Para Cleveland Prates, o uso do FGC como argumento de segurança, por agentes que vendem produtos de alto risco, cria um conflito de interesse e sinaliza a necessidade de revisar a lógica de contribuição do fundo, hoje proporcional ao volume coberto e não ao risco gerado.
Responsabilidade das auditorias e mudanças em discussão
Reportagens identificaram que auditorias independentes validaram saldos do Master que, depois, teriam se mostrado inconsistentes, o que reacende a discussão sobre eventual responsabilização criminal de auditores, tema a ser debatido no Senado.
A CVM vem propondo mudanças estruturais, criando novas superintendências e cargos, e há pressão política para ampliar o papel do Banco Central na fiscalização de fundos, como defende o ministro da Fazenda.
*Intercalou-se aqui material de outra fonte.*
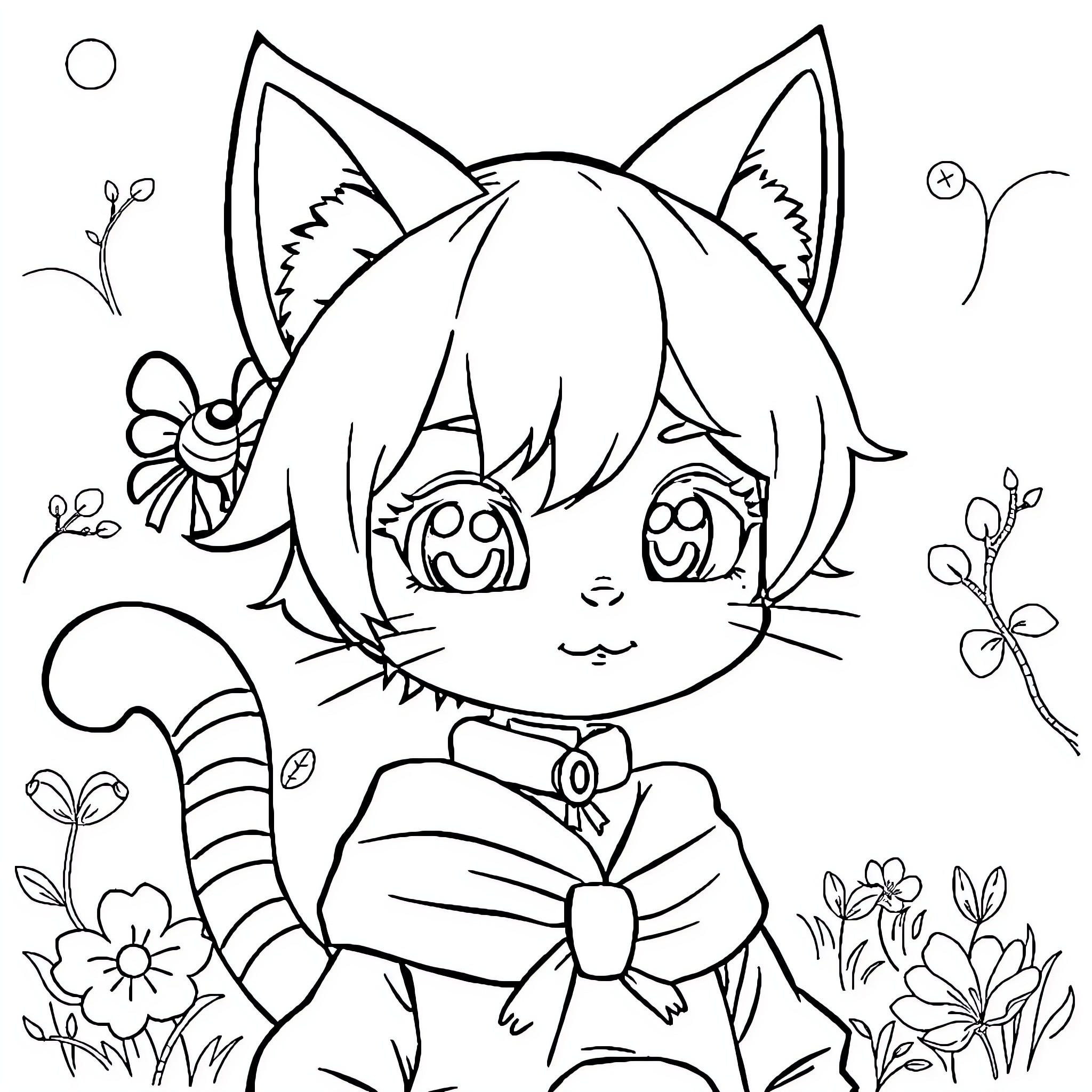 Maomao's Whimsical Flower Adventure Coloring Page (free black-and-white line drawing printable PDF for all, from beginners to advanced learners, including children, teens, adults, and seniors)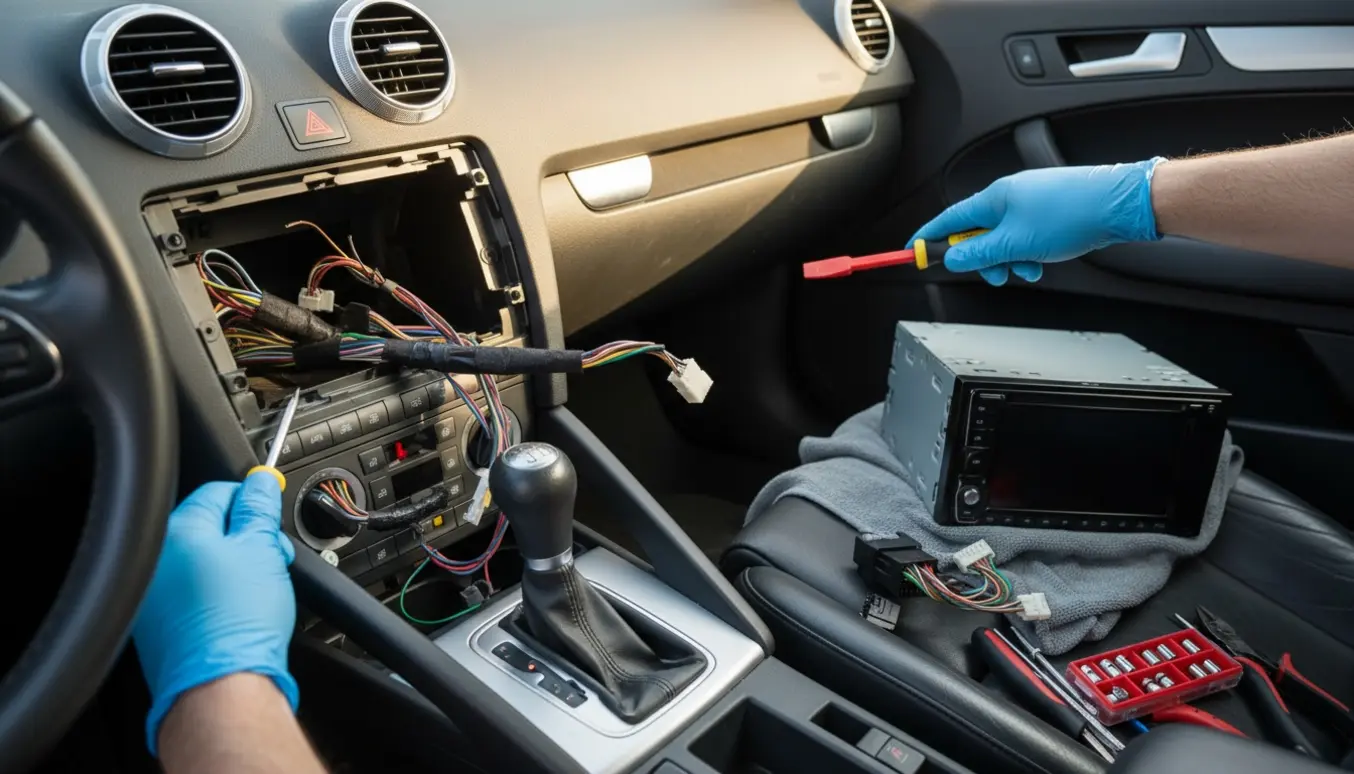 Nærbillede af installation af ny bilradio i en Audi A3 8P med åben midterkonsol, synlige kabler og værktøj.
Cleveland Prates ponderou sobre a necessidade de proteção institucional ao Banco Central, lembrando que a liquidação é uma medida extrema e irreversível, e que a autoridade pode sofrer pressões políticas que afetem decisões delicadas.
Quem paga a conta e próximos passos
Embora especialistas considerem que a liquidação do Master “não é sistêmica”, impactos concretos recaem sobre investidores institucionais, fundos de pensão, o BRB e pessoas físicas que tinham valores além do limite do FGC.
O Banco Central, por exemplo, determinou que o BRB reserve R$ 3 bilhões para manter operações em segurança, medida que ilustra repercussões locais, e as estimativas de recomposição do FGC podem elevar o custo do crédito no país nos próximos anos.
Entre propostas em análise estão maior fiscalização da CVM sobre fundos, reavaliação do modelo de contribuição do FGC, regras mais rígidas para RPPS e eventual responsabilização mais dura para auditores, caminhos que serão discutidos no Executivo e no Legislativo nas próximas semanas.
O Caso Master tornou visível que o equilíbrio entre liberalização e regulação exige não apenas normas, mas capacidade operacional e recursos humanos, para que mecanismos de proteção como o FGC funcionem sem transferir riscos excessivos ao sistema.